Hong Bang International University (HIU) is a private university in Ho Chi Minh City.

HIU has faculties of law, economics, fine arts, foreign languages. The university has been accredited by three US educational organizations as meeting American education standard.

History 

Established in 1997, HIU  became a member of NHG Education System in May 2015.

Programs
HIU offers degree programs in forty disciplines, enrolling an average of 4,000 undergraduate and post-graduate students from Southern Vietnam.  Up to 2017, HIU had more than 66.000 alumni working in Vietnam and APAC.

HIU has received the Labor Order, third class by the President; Merit by the Prime Minister as well as Merit by Central of the Ho chi Minh City Communist Youth Union.

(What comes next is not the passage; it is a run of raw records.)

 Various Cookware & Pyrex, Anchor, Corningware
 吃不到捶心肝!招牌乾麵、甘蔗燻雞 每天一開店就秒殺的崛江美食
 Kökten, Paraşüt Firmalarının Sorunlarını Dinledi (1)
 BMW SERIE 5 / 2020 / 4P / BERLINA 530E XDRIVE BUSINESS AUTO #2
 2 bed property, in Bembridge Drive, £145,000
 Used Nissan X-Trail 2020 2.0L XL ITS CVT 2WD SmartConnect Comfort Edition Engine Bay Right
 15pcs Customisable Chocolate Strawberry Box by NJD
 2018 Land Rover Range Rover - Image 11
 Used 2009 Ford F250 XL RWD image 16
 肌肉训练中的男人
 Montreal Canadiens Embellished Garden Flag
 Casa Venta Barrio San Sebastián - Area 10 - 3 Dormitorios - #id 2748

According to UniRank, UNI is ranked 38th in Vietnam. 
Recently, following the assessment of The Ministry of Education and Training, the university is on the strongly recommended list because of high-level education r, international environment and a high qualitycampus.

Admission

Vietnamese students come from mainly Ho chi minh City, Tay Ninh, Vinh Long, Can Tho, Long An, and Binh Thuan. 
HIU has international students from Cuba, Cambodia, Korea, Mongolia, Japan, and Italy . They join both the undergraduate and graduate levels.